Of all the women he had ever known she was the most ethereal. Loving her was like swathing oneself with a long scarf of spirit. Harriet Hume, musical, mystical and whimsical, is the very essence of femininity- both princess and trollop.
Her beautiful room in a dilapidated Kensington House is the setting for this love story, she herself an extension of the beauty which surrounds her. Here amidst trees and lilacs, Arnold Condorex comes to be loved. And love him Harriet does, beyond reason.
But Condorex is a man bent on power and Harriet is a woman with powers of quite another kind. In ruthlessly pursuing his ambition, Harriet- his better self- must be cast aside...How Harriet slowly triumphs over Condorex is gradually revealed in this beautifully imagined fantasy.

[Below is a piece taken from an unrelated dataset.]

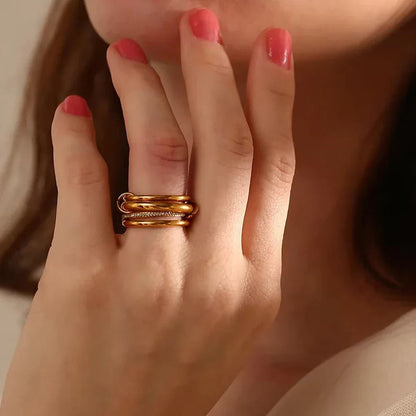 [AuraEcho]Christabel Diamond Ring Stack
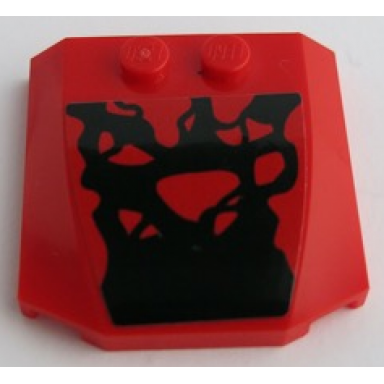 red wedge 4 x 4 x 2 3 triple curved with black tendrils pattern sticker - set 76199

Hariett Hume, Rebecca West's third novel, recounts the victory of love and the love of beauty over man's eternal quest for dominance and destruction. Written in a style as elegaic as the London it also celebrates, Rebecca West's wisdom, imagination and wit are triumphantly brought together in this, her third novel.
Dame Rebecca West, DBE (1892 ' 1983) was an author, journalist, literary critic and travel writer. A prolific author in many genres, West was committed to feminist and liberal principles and was one of the foremost public intellectuals of the twentieth century. She met H.G. Wells in 1913, after her provocatively damning review of his novel Marriage prompted him to invite her to lunch.
They fell in love, though Wells was married at the time, and their affair lasted ten years producing a son.
In 1947 Time magazine called West, `indisputably the world's number one woman writer' and in 1954 Kenneth Tynan described her as, `the best journalist alive'. She was made CBE in 1949, in recognition of her outstanding contribution to British letters.